I recommend TeamViewer. Its free for personal use and can be installed so that he does not need to do anything to initiate the connection, you can simply take over when needed.

I work in computer support, the kind where sometimes you have to tell someone to hold the mouse and move it down and left to find the start button, this program is easy enough for most of my clients to deal with.
posted by mtyn at 5:01 PM on March 22, 2010 [1 favorite]


I've had good results with RealVNC (free version) for this. Specifically, here's what I've done:

1. Set up a dyndns.org account for myself so that my computer has a DNS host name associated with it regardless of what my ISP does with my IP address.

2. Set up the RealVNC service on people whose computers I need to support.

3. Set up a desktop shortcut that does the equivalent of "add new client" using my dyndns.org host name. It says something like "Connect to FishBike" on the shortcut.

Then when I need to support them:

4. Open incoming VNC port on my router.

5. Run "listening viewer" on my computer.

6. Instruct person on other end of the line to double-click "Connect to FishBike"

I like to do it this way because then all the complicated stuff is at my end of the connection, and I don't have to leave any ports open on their router (since leaving a VNC server port open to the Internet is not a safe thing to do).
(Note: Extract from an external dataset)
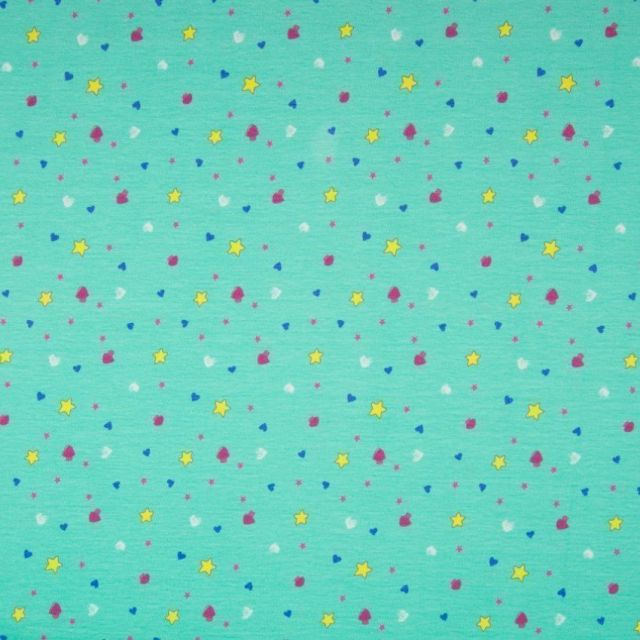 Tissu Jersey Coton Etoiles multicolores sur fond Menthe - Par 10 cm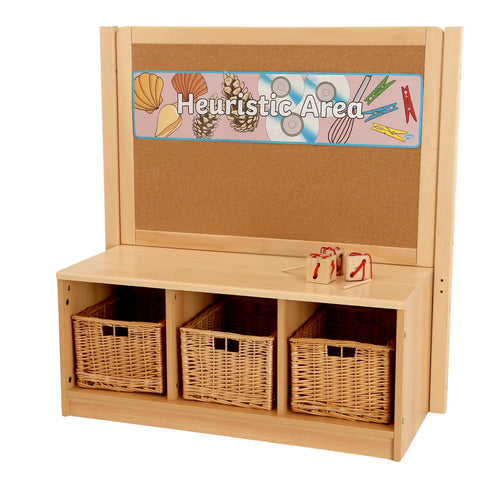 RS Toddler 3 Cubby Unit with Cork Board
It also means they don't have to worry that I, or someone else, will connect to their computer without telling them, since they always have to initiate the link.
posted by FishBike at 5:03 PM on March 22, 2010


I use Team Viewer to support grandparents on Macs and Windows. It works very well and the setup is pretty harmless. It's also very easy for them to read me the connection numbers off the screen so it's not as confusing as adding contacts and accepting calls and whatnot.
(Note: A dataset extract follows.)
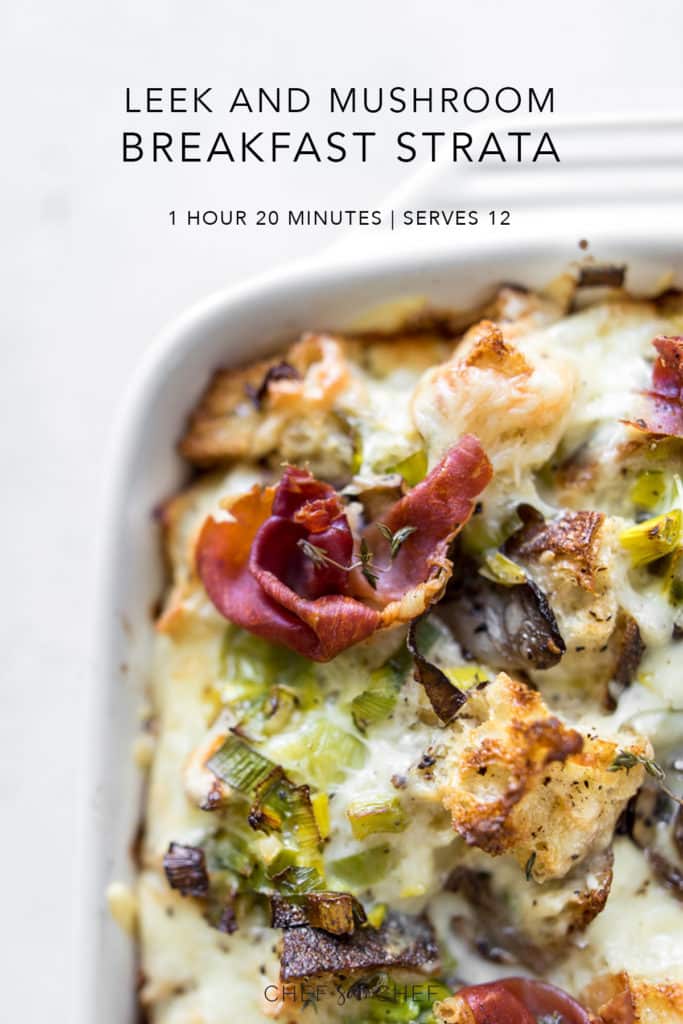 Close up image of Breakfast Strata with Mushrooms, Leeks and Prosciuttoo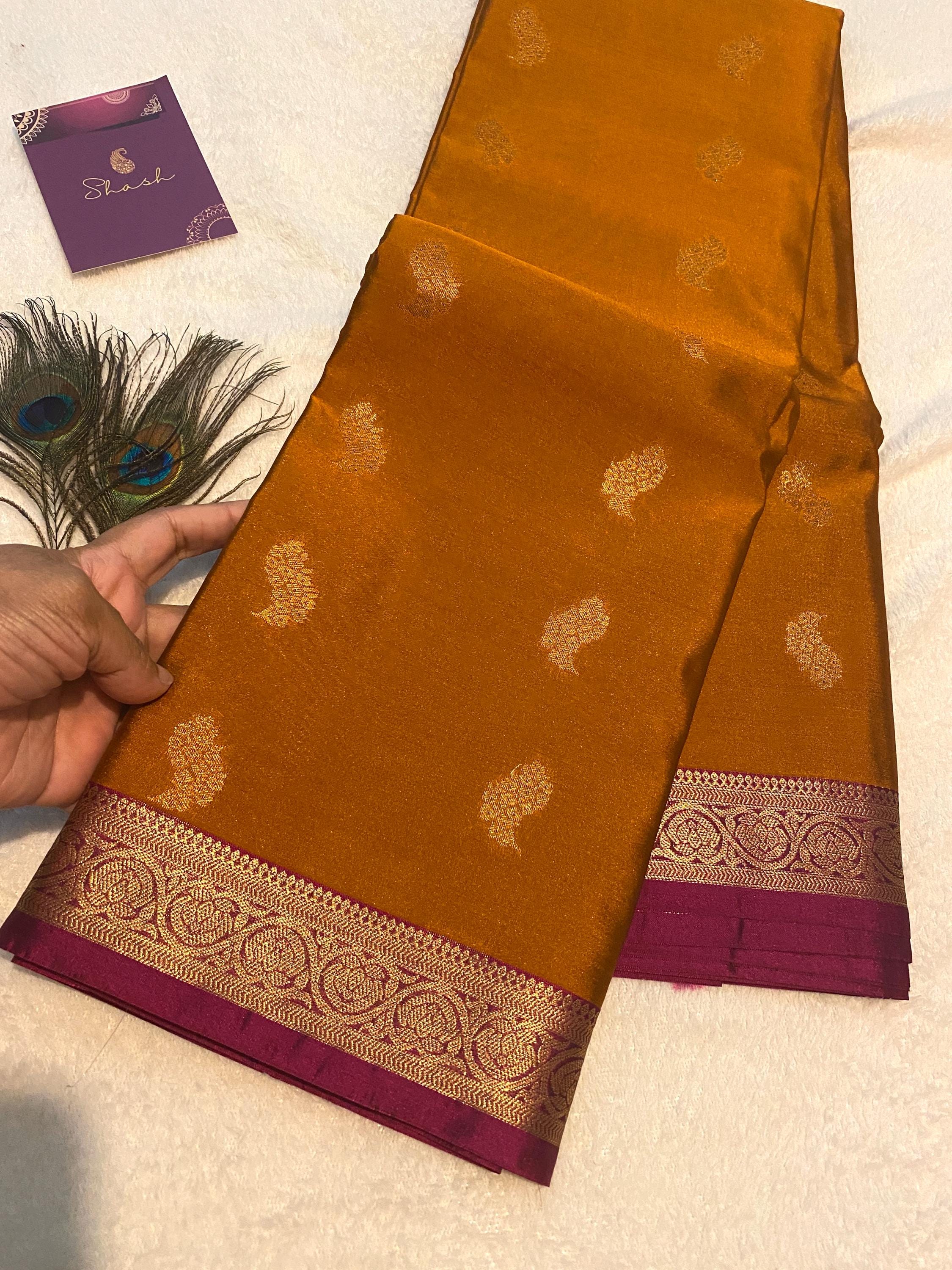 Golden Mustard Semi-Kanchipuram Silk Saree with Gold Zari Motifs & Magenta Border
I should also mention that I've only used it in conjunction with a regular phone call for the voice connection.
posted by advicepig at 5:50 PM on March 22, 2010


I have also used TeamViewer and recommend that over VNC because of its ease of use and setup.
If you go to portableapps.com you can get a version that does not install on the system.
posted by Drasher at 6:36 PM on March 22, 2010


I use CrossLoop all the time with my users and it works great and is pretty simple.
posted by tresbizzare at 6:41 PM on March 22, 2010


I use LogMeIn Free to remote desktop into my home and work computers. I've also used it to do tech support for my FIL. It's cross-platform and you don't have to fiddle with connections or firewalls. You sign up for an account, set it up on both computers, and you're good to go. If your granddad doesn't use a password to get into his computer LogMeIn makes you set one up. It also has a chat function but I've never used that.
posted by calistasm at 7:26 PM on March 22, 2010


Nthing TeamViewer. I asked a similar question a year or so ago after Fog Creek's Co-Pilot dropped Windows 98 support. Now my mother is on XP anyway and I look back on actually paying money for this facility with bemusement.
posted by galaksit at 10:35 PM on March 22, 2010


I just use plain ol' Windows Remote Desktop to help Mom out once in a while. It's built into Windows XP, and you can fire it up through Windows Messenger.
posted by Lukenlogs at 11:35 PM on March 22, 2010


Mikogo.com is another free to use desktop sharing app.
posted by anti social order at 12:30 PM on March 23, 2010


Nthing LogMeIn Free. I installed it on my mother's laptop, and that combined with Skype has allowed me to show her a great many things without feeling the frustration of describing something (and dealing with Windows in both French and English is way easier when you don't have to guess at the translation of options, you can read them just off the screen at the same time as they do).
I can take over whenever, she doesn't need to do anything but sit back and watch, and then do the things for herself with me watching and making sure she has got it right.